Learning bias corrections for climate models using deep neural operators
Bora, Aniruddha, Shukla, Khemraj, Zhang, Shixuan, Harrop, Bryce, Leung, Ruby, Karniadakis, George Em
Numerical simulation for climate modeling resolving all important scales is a computationally taxing process. Therefore, to circumvent this issue a low resolution simulation is performed, which is subsequently corrected for bias using reanalyzed data (ERA5), known as nudging correction. The existing implementation for nudging correction uses a relaxation based method for the algebraic difference between low resolution and ERA5 data. In this study, we replace the bias correction process with a surrogate model based on the Deep Operator Network (DeepONet).
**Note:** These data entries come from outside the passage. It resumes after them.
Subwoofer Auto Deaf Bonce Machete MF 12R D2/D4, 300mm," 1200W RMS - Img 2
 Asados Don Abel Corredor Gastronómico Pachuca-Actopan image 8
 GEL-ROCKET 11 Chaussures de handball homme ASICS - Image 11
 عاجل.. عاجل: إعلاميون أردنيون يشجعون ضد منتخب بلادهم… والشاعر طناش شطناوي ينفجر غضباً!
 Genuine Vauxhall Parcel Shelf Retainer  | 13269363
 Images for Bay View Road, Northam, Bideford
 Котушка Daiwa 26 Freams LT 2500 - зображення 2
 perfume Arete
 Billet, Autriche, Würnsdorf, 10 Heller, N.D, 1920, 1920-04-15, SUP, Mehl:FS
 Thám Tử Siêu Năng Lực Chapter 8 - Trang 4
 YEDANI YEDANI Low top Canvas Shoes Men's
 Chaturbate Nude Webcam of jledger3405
DeepONet (Deep Operator Neural Network) learns the mapping from the state before nudging (a functional) to the nudging tendency (another functional). The nudging tendency is a very high dimensional data albeit having many low energy modes. Therefore, the DeepoNet is combined with a convolution based auto-encoder-decoder (AED) architecture in order to learn the nudging tendency in a lower dimensional latent space efficiently. The accuracy of the DeepONet model is tested against the nudging tendency obtained from the E3SMv2 (Energy Exascale Earth System Model) and shows good agreement. The overarching goal of this work is to deploy the DeepONet model in an online setting and replace the nudging module in the E3SM loop for better efficiency and accuracy.